Nicolas Forest, CIO of Candriam comments on the ECB’s interest decision announcement this afternoon:

Today’s decision by the European Central Bank (ECB) to cut interest rates to 2.75% was widely expected as economic activity in Europe is stagnant and consumer confidence still depressed.

Inflation declining towards the 2% target, the continued slowdown in wage growth and the renewed tightening in financial conditions for corporate loans and mortgages, should support the ECB stance to continue to ease monetary policy gradually over the next months.

However, the ECB remains stuck to its data dependent meeting-by-meeting approach, with no further guidance on further cuts and no changes to its policy stance. 

 
 

Uncertainty is too high for the central bank to give a pre-commitment on its rate path with potential Trump tariffs. US tariffs and any subsequent retaliation would weigh on European growth and would be a risk for the disinflation trend. The Bank of Canada has the same concern. It cut interest rates yesterday but stopped guidance on further rate path as the impact of US tariffs on the country’s economic outlook is uncertain.

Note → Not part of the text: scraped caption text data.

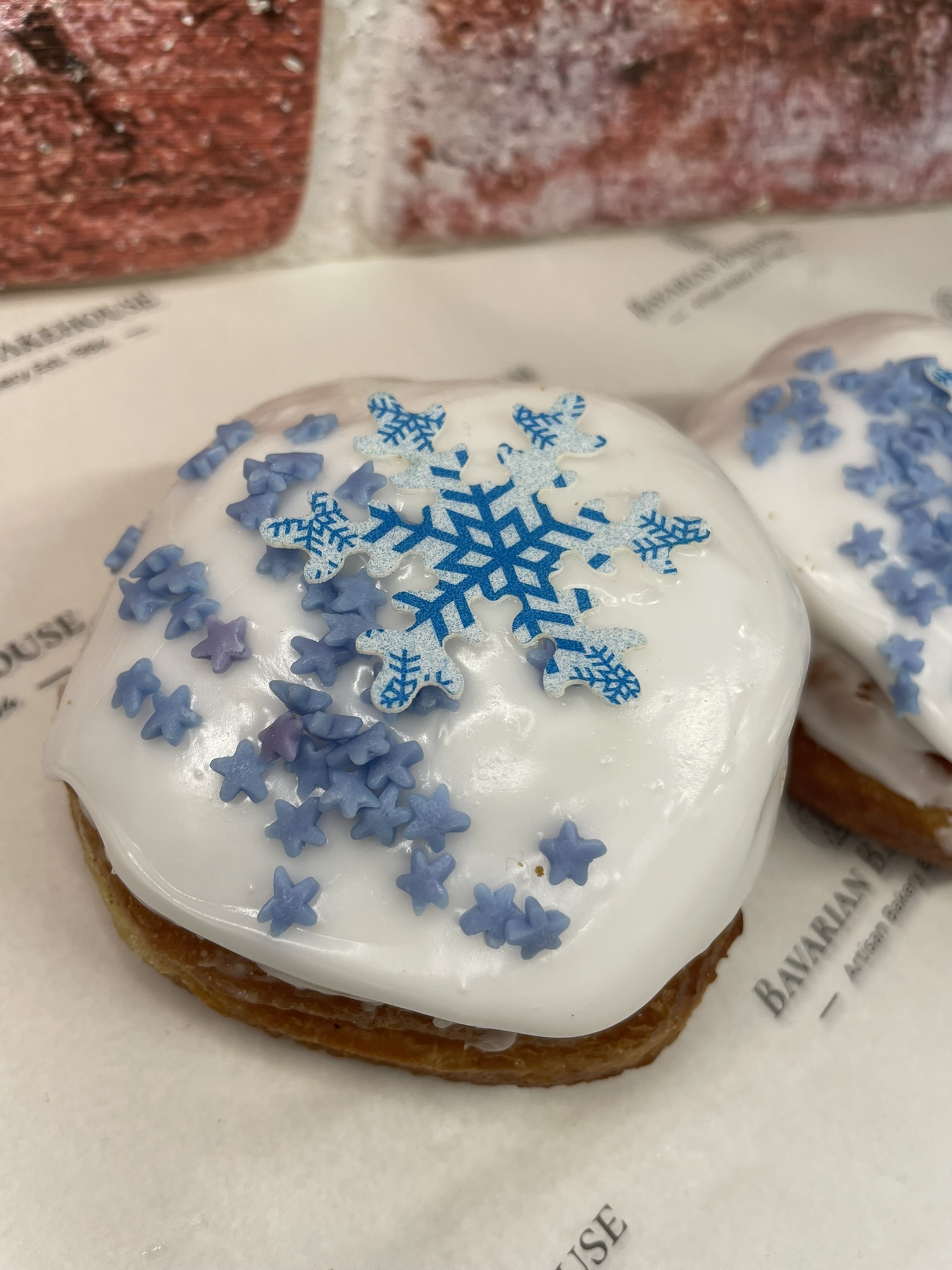vegan doughnut, filled with cinnamon apple, topped with white fondant, blue star sprinkles and an edible blue and white snowflake topper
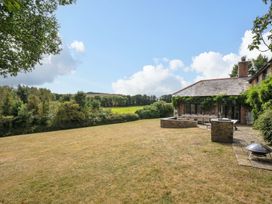 A garden with a patio and table at The Old Granary in Rock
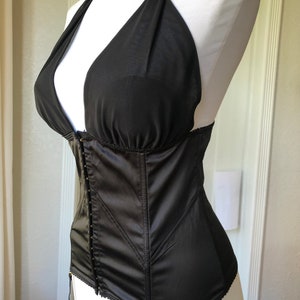 Pode incluir: Corpete de cetim preto com decote halter e ferragens douradas. O corpete tem uma estrutura com varas e uma borda de renda.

The next ECB meeting in March should be more important and more data will be available, including quarterly projections.

With the cost of credit still high and weak prospects for the economy in Europe, we still expect three rate cuts by the ECB this year, resulting in a terminal rate of 2%, in line with market pricing. We think that the ECB should remain focused on growth rather than the residual risk of inflation, contrary to the FED.